Oggi un caso molto interessante è rappresentato dalla radio digitale. La radio digitale (DAB e DAB+) rispetto alla diffusione analogica presenta numerosi vantaggi. Il principale è la qualità del suono, molto migliore, sostanzialmente paragonabile a quella che si ha nell’ascolto di un CD. Inoltre è possibile veicolare anche servizi innovativi potendo trasmettere anche dati ulteriori oltre il suono in senso stretto. Naturalmente richiede un certo investimento negli impianti di trasmissione, mente i costi per l’utente finale non sono superiori a quelli necessari all’acquisto di una radio FM.
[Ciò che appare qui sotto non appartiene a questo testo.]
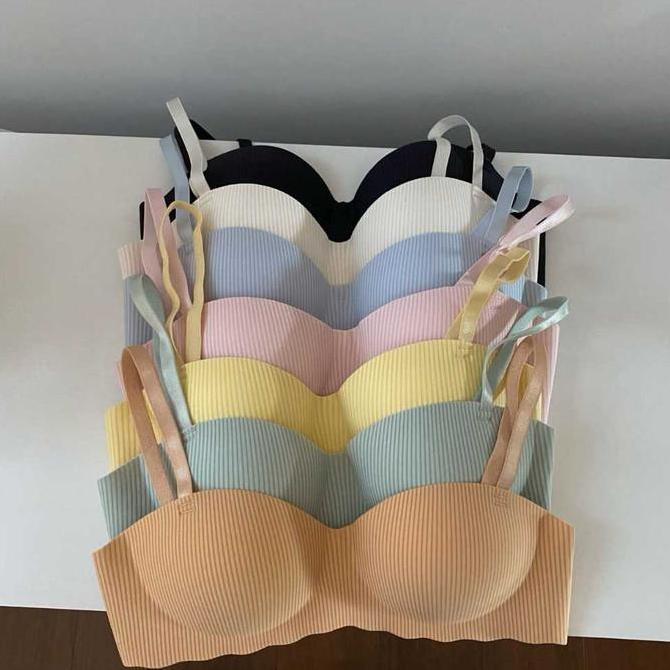 Nixwhat- Celyne Summer Bra Push Up Model Half Cup Wanita Light Bra Comfort Simple Bh Wanita 9055 Bus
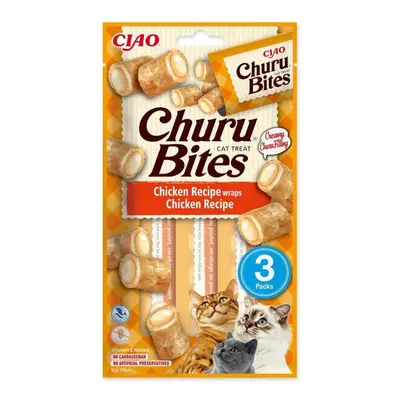 Pochoutka Churu Bites wraps kuře 3x10g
Nonostante questo, la diffusione del segnale DAB stenta a decollare in Italia. Ad oggi le stazioni Rai (canali 1, 2, 3, rd4, rd5 GrParlamento e Isoradio) coprono la valle Padana, le zone di Roma e Napoli, porzioni di Sardegna e Sicilia. Intere regioni, come la Toscana, ne sono completamente escluse.  La Gran Bretagna programma il definitivo passaggio al digitale nel 2018, quando sarà spento il vecchio segnale FM. In Italia si è preferito per ora attendere – non ci si è dati nessuna scadenza- , e comunque puntare su quello che si chiama outdoor, l’esterno. Poiché di fatto la radio è ascoltata soprattutto in macchina, la scelta ha privilegiato le autostrade, visto che si è interessati soprattutto a vendere pubblicità. Se vogliamo ascoltare la radio digitale in casa quindi non basta essere in una zona “coperta”. Dobbiamo essere in una zona con una eccellente copertura. Il che è un po’ paradossale, perché se è vero che è sempre meglio ascoltare la musica in alta qualità, l’automobile non è il luogo migliore per farlo – per gli inevitabili rumori d’ambiente.
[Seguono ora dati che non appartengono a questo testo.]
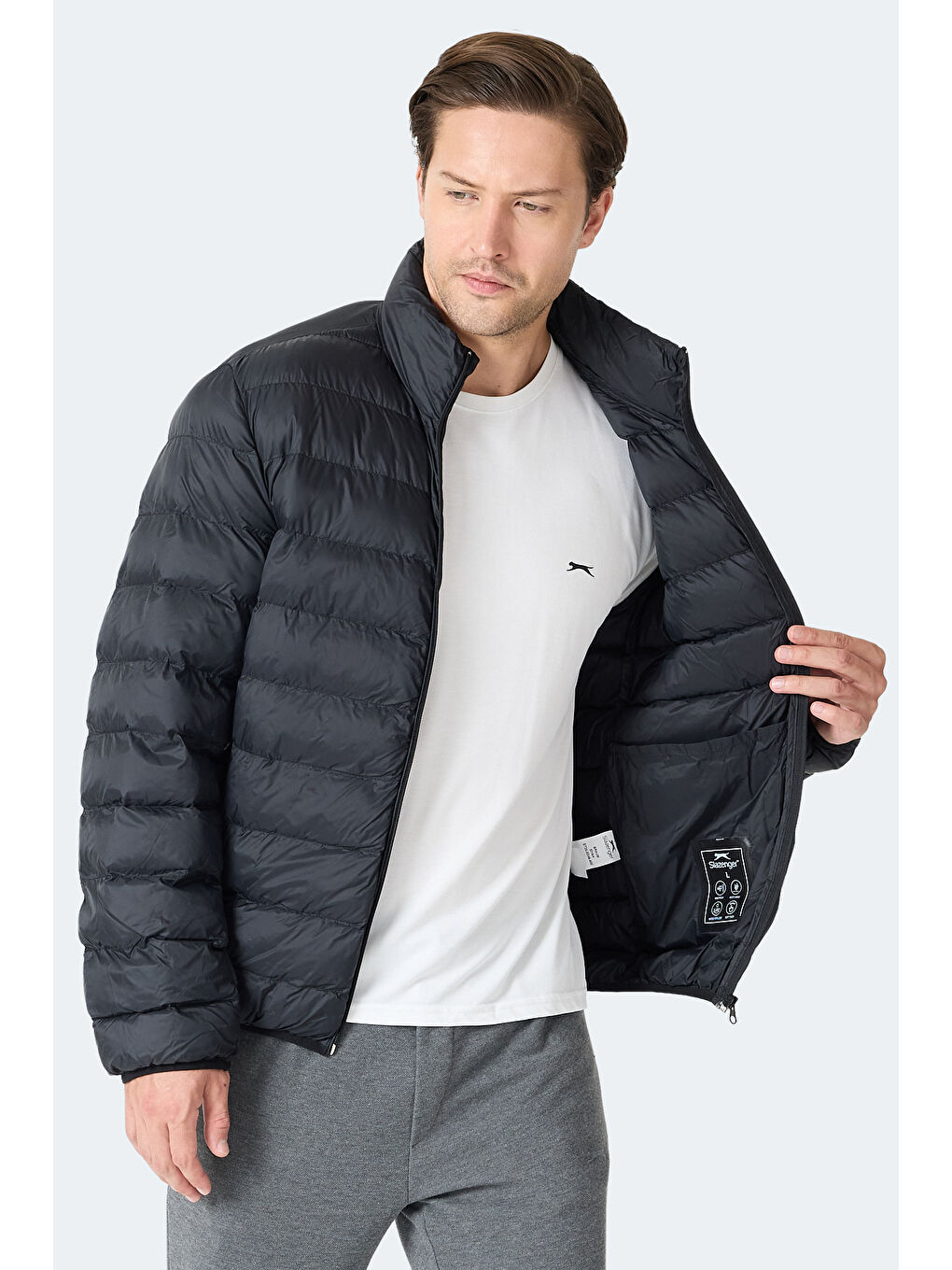 BRAUM Erkek Şişme Siyah Mont & Kaban-4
Ecco allora il nostro esempio: la tecnologia c’è, a facile accesso, sostenibile. Ci potrebbe dare una esperienza di ascolto di maggiore qualità e migliori servizi. Ma poiché non ce ne rendiamo ancora conto fa fatica ad affermarsi e/o si afferma con logiche che privilegiano non il cittadino ma gruppi di potere. Il che non è senza conseguenze, perché persistiamo nell’atteggiamento di disattenzione e di banalizzazione. Una musichetta mille volte riutilizzata o il chiacchiericcio stereotipato di qualche conduttore sono gli stessi con un audio mediocre o eccellente. Una musica “vera” (di qualsiasi genere) e una voce che sa quello che dice sono molto valorizzate, direi “rispettate”, da una tecnologia di buon livello. Poiché quello che facciamo e il come lo facciamo ci struttura piano piano anche nel nostro profondo, l’ascolto trasandato e approssimativo diventa parte di noi. Dobbiamo imparare a scegliere, e a saper chiedere che almeno il servizio pubblico della Rai, cui paghiamo il canone,  sia attento a dare risposte adeguate. Anche nel DAB.